Data Modeling is the “act” of creating a data model (physical, logical, conceptual, etc.) and includes defining and determining an organization’s data needs and goals. The act of Data Modeling defines not just data elements, but also the structures they form and the relationships between them. Developing a data model requires the data modelers to work closely with the rest of the organization to establish the goals, and the end users of the information systems to establish the processes.
A data model contains “data elements” (for example, a customer’s name, an address, or a picture of an airplane) that are standardized and organized into patterns, allowing them to relate to one another. The programming language used has an influence on the shape of the model, as does the database being used. The model defines how data is connected, and how data is processed and stored inside the computer system. For instance, a data element representing a house can be associated with other elements, which, in turn, represent the color of the house, its size, address, and the owner’s name. How the information is organized varies from one model to the next.
Data Modeling, databases, and programming languages are interdependent and have evolved together. Databases have evolved in basically four phases, and these phases tend to overlap:
- Phase I took place from roughly the 1960s to 1999, and included the development of database management systems (DBMSs) – hierarchical databases, inverted list databases, network databases, and the first object-oriented databases appeared around 1985.
- Phase II is described as relational databases, and introduced the structured query language (SQL) starting about 1990.
- Phase III supported Online Analytical Processing (OLAP), which was developed around 1990 (along with specialized DBMSs) and continues to be used today.
- Phase IV introduced NoSQL in 2008, supporting the use of big data, nonrelational data, graphs, and more.
In his book, “Data and Reality” (1978), Bill Kent compared data models to road maps, emphasizing the differences between the real world, and the world of symbols. He wrote, “Highways are not painted red, rivers don’t have county lines running down the middle, and you can’t see contour lines on a mountain.” This observation contrasts with many researchers who attempted to create clean, mathematically sterile models. Kent preferred to emphasize the basic messiness of reality, and suggested data modelers should focus on creating order out of the chaos, without distorting the basic truth. (With the popularity of NoSQL and non-relational data, Kent’s suggestions from 1978 have proven to be a good idea, but for technical reasons, it took us a while to get there.)

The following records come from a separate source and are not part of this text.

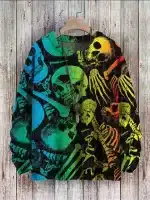 Rainbow Skeletons Neon Graffiti Women's Sweatshirt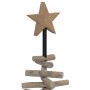 Árbol de Navidad con soporte Marrón 90 cm Madera de teca maciza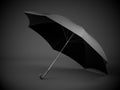 Black umbrella with dark background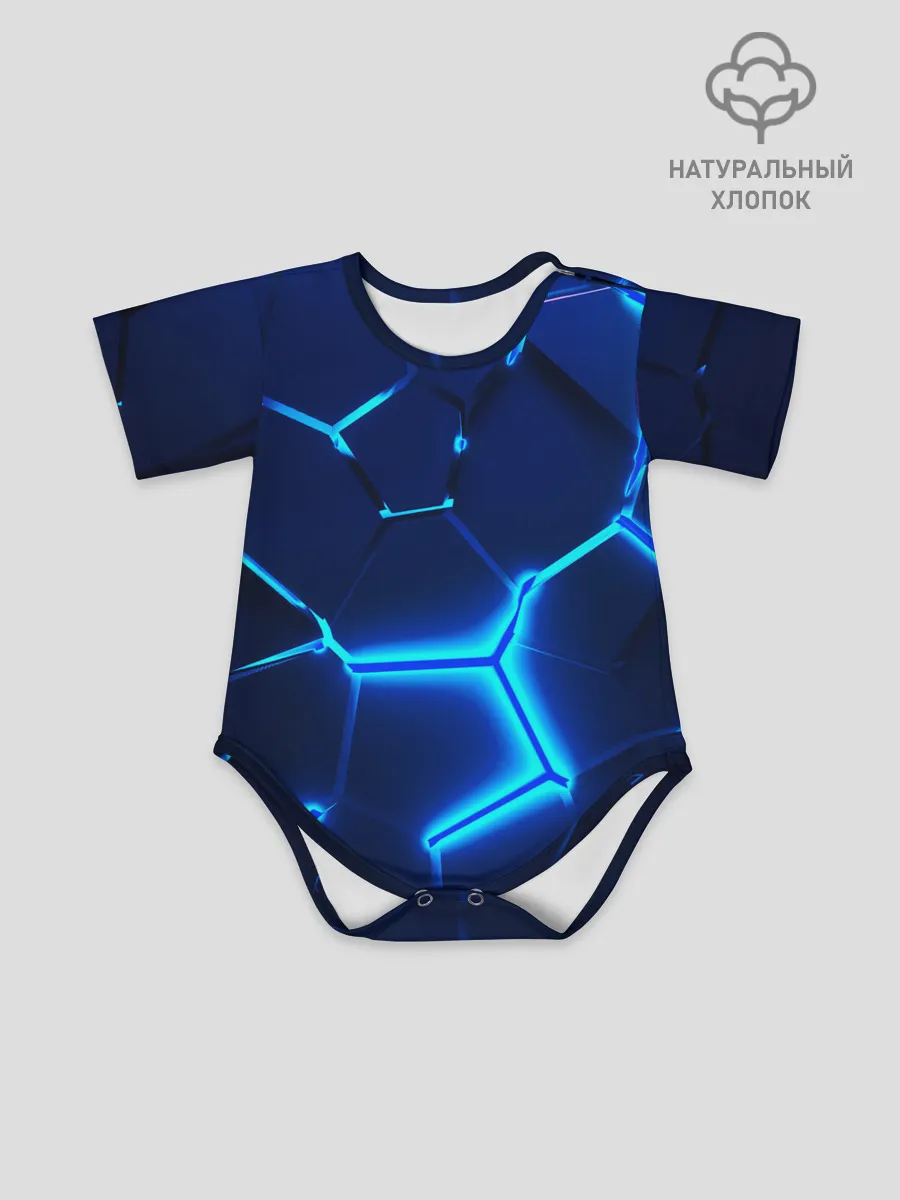 Детское боди / 3D ПЛИТЫ | NEON STEEL | НЕОНОВЫЕ ПЛИТЫ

Data Modeling in the 1960s
The concept of Data Modeling started becoming important in the 1960s, as management information systems (MISs) became popular. (Before 1960, there was very little data or data storage. Computers of this time were essentially giant calculators). Various theoretical data models were proposed during the 1960s, including three that became a reality. The first two are “the hierarchical data model” and “the network data model.” The third theoretical model, the relational model, was proposed by Edgar F. Codd in the late 1960s.
The first true commercial database system became available in 1964, was called the Integrated Data Store (IDS), and was developed by Charles Bachman, with General Electric supporting his research. IDS used the network model, described as a flexible way of representing objects and their relationships in a graph form. IBM chose to focus on hierarchical models, designed for their Information Management System (IMS). In this model, records’ relationships take a treelike shape. While the structure is simple, it is also inflexible due to a confining “one-to-many” relationship format.
As Data Modeling and DBMSs evolved, so too did programming languages. Simula was developed in 1967, and was the first object-oriented language for programming. (Other languages evolved from Simula, such as Java, Eifel, C++, and Smalltalk). The evolution of programming languages was a strong influence in shaping the models using these languages.
Data Modeling in the 1970s
In 1970, Edgar F. Codd’s ideas were published. His ideas offered a significantly different way of handling data, suggesting all data within a database could be displayed as tables using columns and rows, which would be called “relations.” These “relations” would be accessible using a non-procedural, or declarative, language. (Remember, languages influence the shape of the model, and vice versa). Rather than writing an algorithm to access data, this approach required only a file name to be entered to identify the desired information. This clever idea led to much higher productivity. It was faster and more efficient, and prompted IBM to create SQL. (Originally called SEQUEL or Structured English Query Language).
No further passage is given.